Anya Liftig and Angus Galloway
Anya Liftig and Angus Galloway came to the department the week of March 27 through April 4 to work with the Studio Art Foundation classes. Angus is a Photographer and Web Designer as well as an Installation Artist. Anya is a photographer and does work in Performance and Installation. They gave a public presentation, "Performance, Photography and Cake Frosting," on March 28, 2007.
Monica Vorbeck
Monica Vorbeck is an Art History professor at the Universidad San Fransisco de Quito de Ecuador. She is a renowned curator who has juried many art competitions in Educador and Columbia. Her public performance, "Resonances: A Sample of Contemporary Art from Ecuador" was held April 26 at 7:30 PM in Cleveland Annex 104. She juried student work on Dissonance and Harmony.
Jeffrey Nilan, Ground
Jeffrey Nilan
Photographer Jeffrey Nilan presented "2000 Pounds of Soil: Imagery from the Rural Midwest," on Tuesday, October 24 at 7:30 PM in Cleveland Annex 104. Nilan's documentary-like installations emerge from the people, landscape, and structures of rural soutwestern Iowa. His work includes black and white and color photographs, artists' books, video, as well as alternative photgraphic processes.
In May 1999, Jeff received an M.F.A. in Photography from Indiana University at Bloomington. During his graduate study, Jeff began making research trips back to his relatives’ farms in Iowa. For the last three years, he has used black-and-white and color photography, in addition to photo-based artist’s books, to explore themes related to his family’s history and their current lifestyle as crop and livestock farmers. Jeff’s work is concerned with the rapid changes which are occurring in the farming community as a result of the ongoing farm crisis in America.
Scot Kaplan
Artist Scot Kaplan presented "That's not art, it's not even pretty," on Thursday, October 26 at 7:30 PM in Cleveland Annex 104. In a subversive and humorous way, Kaplan manages to breach the rules of the art world, delivering ironic comments on socially controversial subjects. Philadelpia-based puppet theatre group SpiralQ worked with the Studio Art Foundation classes and the Denison community to present a "Spectacle" outside Slayter Hall on November 9 at 11:30. Sponsored by the McGregor Connections Initiative, the group built large puppets and props to mobalize grassroots communities to create social and political change.
Alexander Masters
Alexander Masters presented "Stuart Shorter: Hostage Taker, Panhandler, Sociopathic Street Raconteur - An Important Man." He gave his presentation on November 30, 2006.
Jorg Schlinke
German Artist Jorg Schlinke was at Denison from March 5 - March 9, 2007. He was brought to Denison's attention because of his art in public spaces, often creating large sculptural words of natural materials that give pause to passerbys who encounter them.

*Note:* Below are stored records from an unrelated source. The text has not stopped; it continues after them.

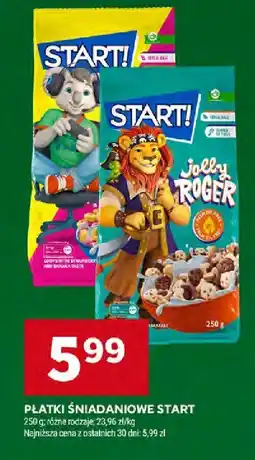 Stokrotka Płatki śniadaniowe Start oferta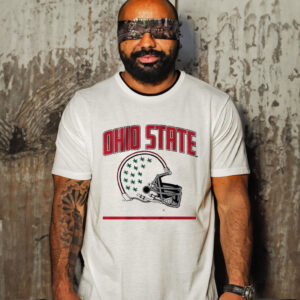 Official Ohio State Vintage Football Helmet Shirt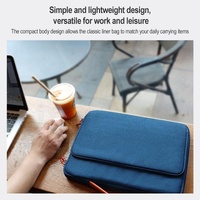Versatile Laptop Bag For Work And Travel - Black thumbnail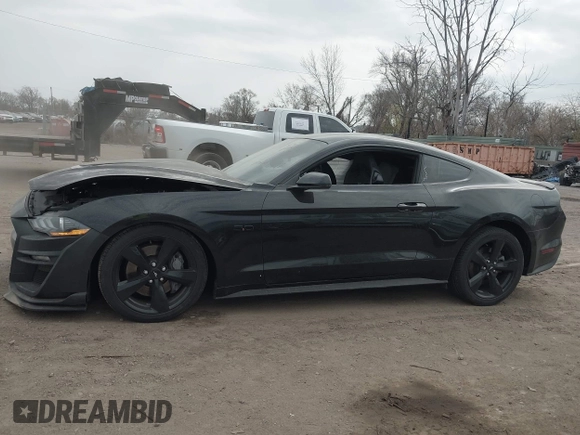 2022 Ford Mustang GT with VIN 1FA6P8CF7N5149137, listed as a IAAI auction lot 42053008 with 32,324 mi miles and . Bid and sale history available at DreamBid. Image 14.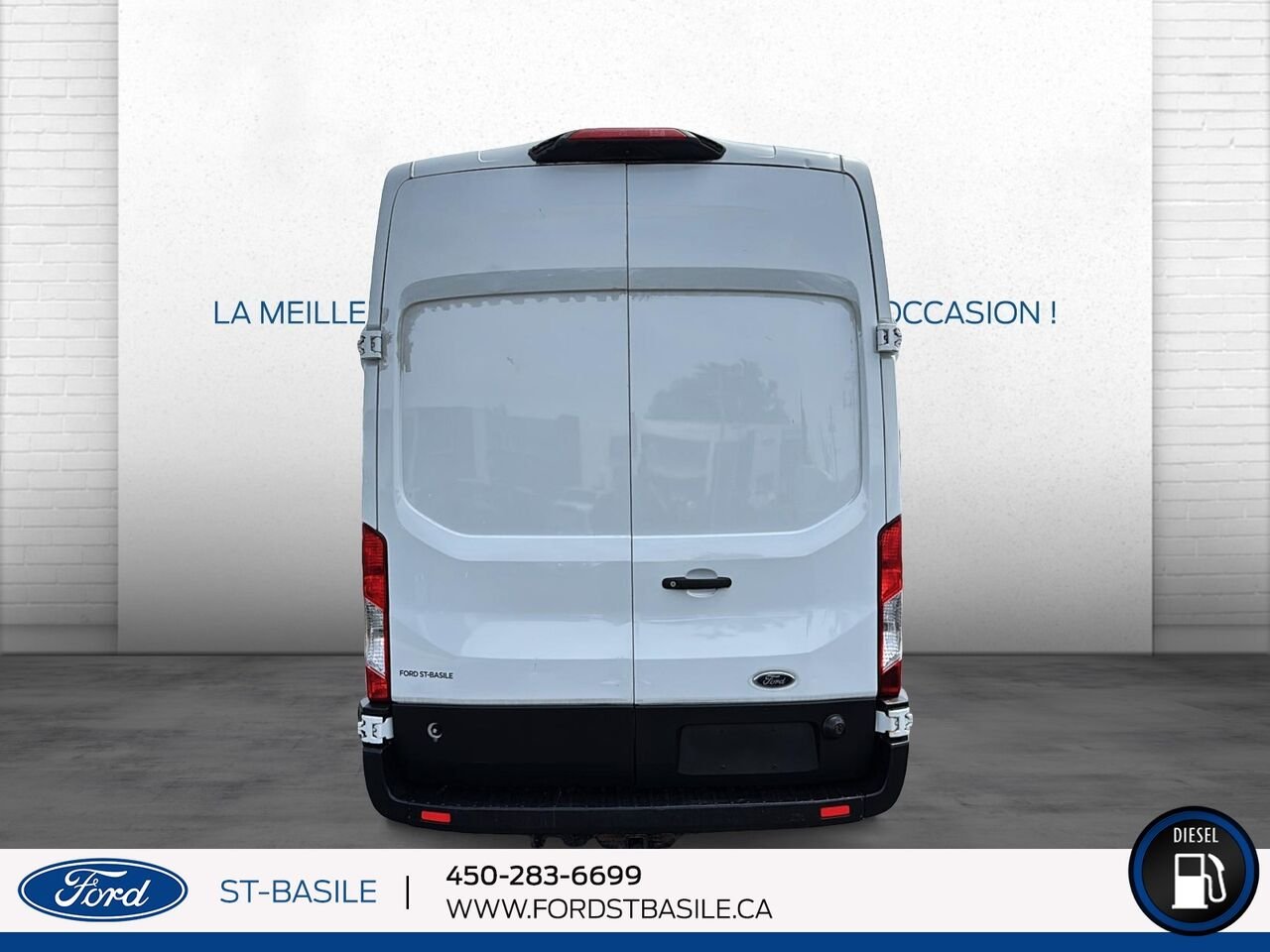 Ford Transit fourgon utilitaire 2019 Blanc Saint-Basile-le-Grand - photo #6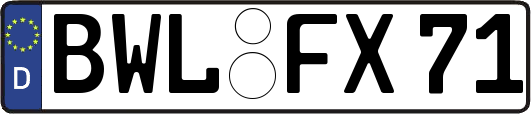 BWL-FX71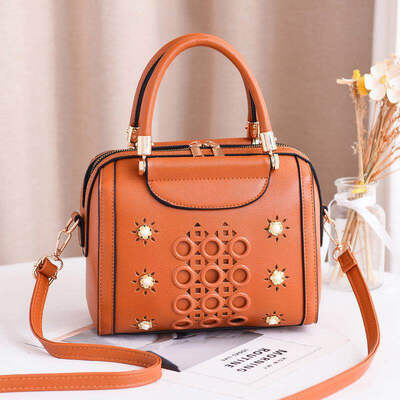 

2019 summer new bag female Europe&America big bag elegant fashion handbags slung shoulder bag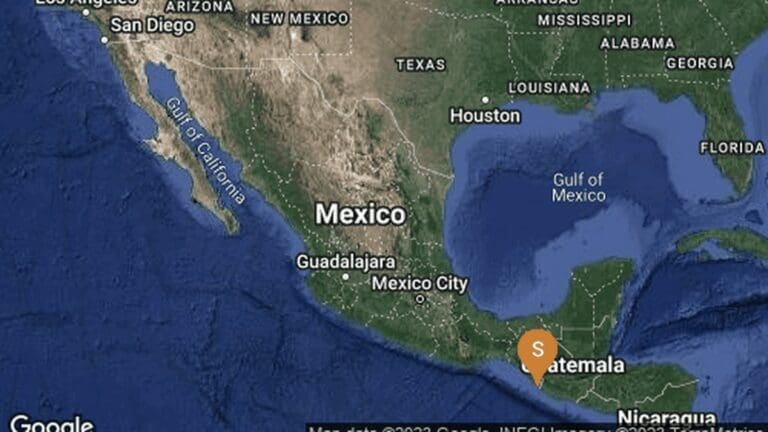 Tembló en México: Sismo de magnitud 4.1 sacude a Chiapas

He is part of "The Art of Science and the Science of Art" series, and his visit was sponsored by the McGregor Intitiative and the Vail Visiting Artsist series.
Born in 1964 in Potsdam, Jorge lives and works in Potsdam and Mecklenburg. He graduated from the Acadaemy of Fine Arts Berlin-Weissensee. 1996 he got a DAAD grant for New York. 1999 he won the Art Prize of the Land Brandenburg. Since 1989 he produces art in public spaces. Since 2002 Jorg has worked with the urban planning team at the Bauhaus Dessau.